This decision is reminiscent of a fairytale about a princess and her frog prince and the croaking chorus of the Frogs of Aristophane. On June 30, the U.S. Court of Appeals for the Fifth Circuit issued a significant ruling involving critical habitat designations on private land. The case was decided on a 2 to 1 vote, with Judge Owen providing a strong dissent. The majority was at pains to state that “critical habitat designations do not transform private land into wildlife refuges.” Nevertheless, the extension of the Endangered Species Act (ESA) to this private land may conceivably have federal permitting consequences later if the future development of the land triggers Clean water Act considerations.
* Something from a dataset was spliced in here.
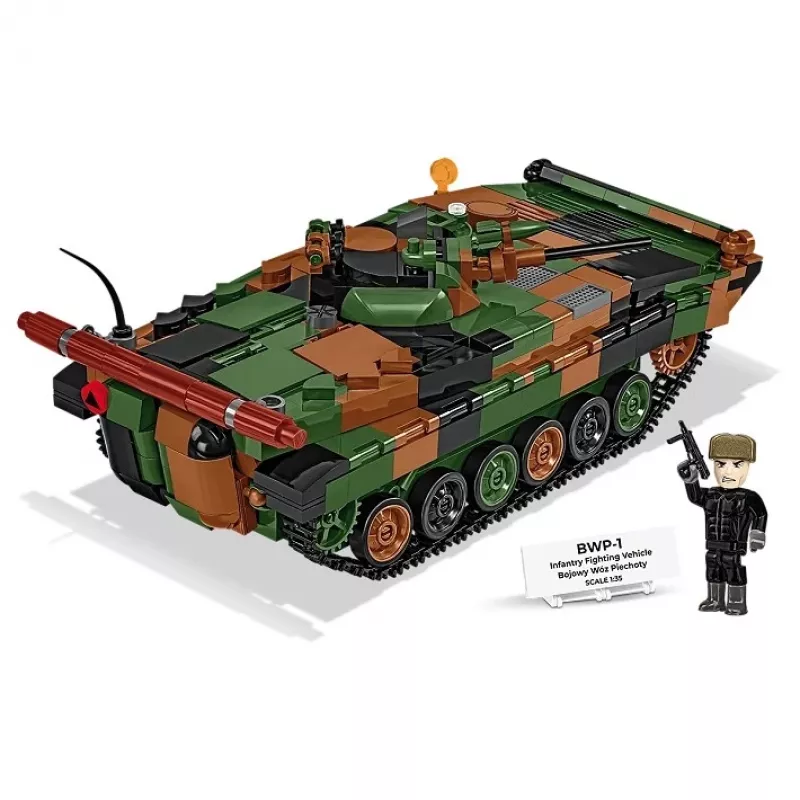 Cobi Armed Forces BWP-1 2630 — lenkų/ukrainiečių amfibinio pėstininkų kovos mašinos modelio rinkinys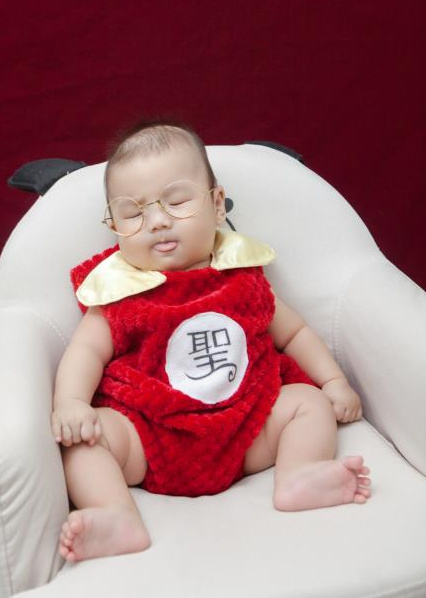 模特-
The dusky gopher frog is an endangered species which is now found only in Mississippi. In 2010, the U.S. Fish and Wildlife Service designated 1544 acres in Louisiana as a critical habitat of the frog although it has not been seen in Louisiana since 1965. The Service reasoned that this land in Louisiana contains ephemeral ponds that are essential to the species existence. However, the land is privately owned, and the landowners plan to use this land for residential and commercial development.

The district court upheld this designation, and the Fifth Circuit has now affirmed that decision in a holding that the dissent describes as “unprecedented and sweeping.” The landowners argued that this designation of their land: (1) violates both the ESA and the APA; (2) exceeds the Service’s constitutional authority under the Commerce Clause, and (3) violates NEPA.

The Court of Appeals held that the landowners have standing to contest the critical habitat designation, but no standing under NEPA to challenge the Service’s failure to prepare an environmental impact statement because in this instance, they were asserting purely economic injuries and this is insufficient.

The ESA envisions two types of critical habitat: those that affect occupied and unoccupied areas. The Service conducted a scientific search for the ephemeral ponds the frogs needs, and found five of them on the plaintiffs’ Louisiana property. Next, the Service had to determine whether this land could be adjudged to be “essential” for the conservation of the species. Since that term is not defined in the ESA, and the Service has been delegated authority to make these ESA determinations, the Court of Appeals applied Chevron deference to hold that the Service’s use of “essential” was authorized.

The court then held that the economic calculus made by the Service was committed to agency discretion, and it was unreviewable. The landowners argued they stood to use several million dollars, and any economic test would find the Service’s determination unreasonable. The Commerce Clause argument failed principally because no court has ruled that the ESA, even when it affects private property, can be challenged as an unwarranted expansion of the Congress’ Commerce Clause authority.

In dissent, Jude Owen strongly disagreed with this ruling—indeed the case may well have turned on this use of the term “essential.” He notes that the only way this species can thrive on this unoccupied land is with the hope that the landowners will remove their existing pine trees and replace them with another variety more suitable for the propagation of the dusky gopher frog.